Write out, word for word, only the lines from the one containing "Grupo Amigas do" through the final line of the data.

START Information given

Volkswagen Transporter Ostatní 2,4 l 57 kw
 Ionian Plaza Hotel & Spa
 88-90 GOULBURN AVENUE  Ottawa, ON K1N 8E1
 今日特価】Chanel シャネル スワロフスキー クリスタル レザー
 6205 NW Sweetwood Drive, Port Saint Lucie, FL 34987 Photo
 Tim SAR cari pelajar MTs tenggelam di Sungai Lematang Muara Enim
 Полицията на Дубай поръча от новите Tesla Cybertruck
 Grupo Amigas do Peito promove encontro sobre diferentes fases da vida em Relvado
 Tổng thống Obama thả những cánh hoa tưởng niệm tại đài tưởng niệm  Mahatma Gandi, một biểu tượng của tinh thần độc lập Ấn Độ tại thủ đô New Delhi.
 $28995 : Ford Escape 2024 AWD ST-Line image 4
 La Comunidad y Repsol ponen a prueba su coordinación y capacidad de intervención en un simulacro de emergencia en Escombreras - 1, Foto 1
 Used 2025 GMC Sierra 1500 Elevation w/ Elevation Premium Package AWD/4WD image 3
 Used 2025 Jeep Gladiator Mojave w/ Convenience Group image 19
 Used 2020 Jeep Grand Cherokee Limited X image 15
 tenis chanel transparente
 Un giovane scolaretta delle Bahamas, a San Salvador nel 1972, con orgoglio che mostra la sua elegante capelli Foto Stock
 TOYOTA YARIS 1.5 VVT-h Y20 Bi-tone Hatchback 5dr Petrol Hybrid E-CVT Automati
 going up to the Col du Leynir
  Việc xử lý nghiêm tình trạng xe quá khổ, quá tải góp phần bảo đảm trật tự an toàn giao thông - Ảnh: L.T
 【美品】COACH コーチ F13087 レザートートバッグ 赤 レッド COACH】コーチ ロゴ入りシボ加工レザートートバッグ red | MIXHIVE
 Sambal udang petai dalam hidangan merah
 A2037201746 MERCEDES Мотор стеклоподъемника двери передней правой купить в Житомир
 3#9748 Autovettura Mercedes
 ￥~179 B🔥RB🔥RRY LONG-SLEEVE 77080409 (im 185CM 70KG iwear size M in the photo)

END Information given

_Answer:_
 Grupo Amigas do Peito promove encontro sobre diferentes fases da vida em Relvado
 Tổng thống Obama thả những cánh hoa tưởng niệm tại đài tưởng niệm  Mahatma Gandi, một biểu tượng của tinh thần độc lập Ấn Độ tại thủ đô New Delhi.
 $28995 : Ford Escape 2024 AWD ST-Line image 4
 La Comunidad y Repsol ponen a prueba su coordinación y capacidad de intervención en un simulacro de emergencia en Escombreras - 1, Foto 1
 Used 2025 GMC Sierra 1500 Elevation w/ Elevation Premium Package AWD/4WD image 3
 Used 2025 Jeep Gladiator Mojave w/ Convenience Group image 19
 Used 2020 Jeep Grand Cherokee Limited X image 15
 tenis chanel transparente
 Un giovane scolaretta delle Bahamas, a San Salvador nel 1972, con orgoglio che mostra la sua elegante capelli Foto Stock
 TOYOTA YARIS 1.5 VVT-h Y20 Bi-tone Hatchback 5dr Petrol Hybrid E-CVT Automati
 going up to the Col du Leynir
  Việc xử lý nghiêm tình trạng xe quá khổ, quá tải góp phần bảo đảm trật tự an toàn giao thông - Ảnh: L.T
 【美品】COACH コーチ F13087 レザートートバッグ 赤 レッド COACH】コーチ ロゴ入りシボ加工レザートートバッグ red | MIXHIVE
 Sambal udang petai dalam hidangan merah
 A2037201746 MERCEDES Мотор стеклоподъемника двери передней правой купить в Житомир
 3#9748 Autovettura Mercedes
 ￥~179 B🔥RB🔥RRY LONG-SLEEVE 77080409 (im 185CM 70KG iwear size M in the photo)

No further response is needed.